In the past three years, I found myself searching for something in relation to my work that was hard to grasp in the beginning, but became pretty clear in the spring of 2019: I wanted to be able to build whatever I wanted (especially after finding that a non-technical, female, solo founder had around 0% chances to raise money for a startup).
I’ve always been a very creative person and worked in localization at the time of my decision to teach myself coding. The fact that neither my passion for photography, illustration and design nor my creative linguistic work would ever turn into the career I hoped for only reassured me that this was ultimately the right choice for me. So I went to the library and got myself a book about HTML and CSS, while at the same time enrolling in freeCodeCamp. I was 100% sure that I’d fail miserably. I wasn’t clever enough, I was a failure in Math back in the days in school, and I was beyond intimated by all the smart programmers (mostly men) that seemed to comfortably tweet away about their coding achievements on a daily basis.
What kept me going despite being sure that I’d fail was, initially, the hope of having a seat at the table – most of the tools we use daily and that are a big part of our lives are made by men. I wondered: How would our world change if more women were involved in technical development?

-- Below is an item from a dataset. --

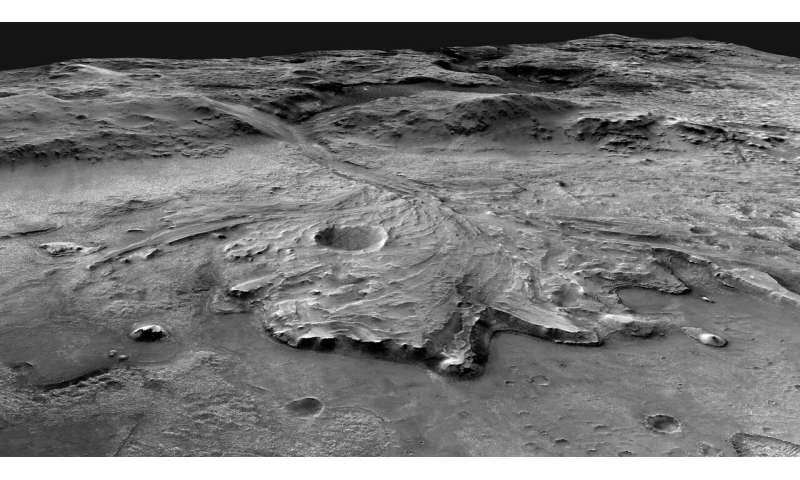 NASA rover streaks toward a landing on Mars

And then, slowly but surely, mixed in with the frustration, came the joy of things making sense and working on a screen and even looking good. On the day I set up my portfolio page (not too long ago, actually!), I was 100% sure that this daunting adventure had turned into a passion of mine. And who was in charge of my successes and failures if not me?
There’s a lot to be said about Silicon Valley, but one of the best things that comes with living here is being immersed in a culture of learning and striving. I feel lucky to be surrounded by people that celebrate my interest in programming rather than telling me “You can’t do this anyway” (even though we have programmers like that as well, but this post doesn’t have space for them).
I still have incredibly much to learn before I’d even think about applying for a frontend developer role. Right now it almost seems like the most important first step was to unlearn some of my limiting beliefs.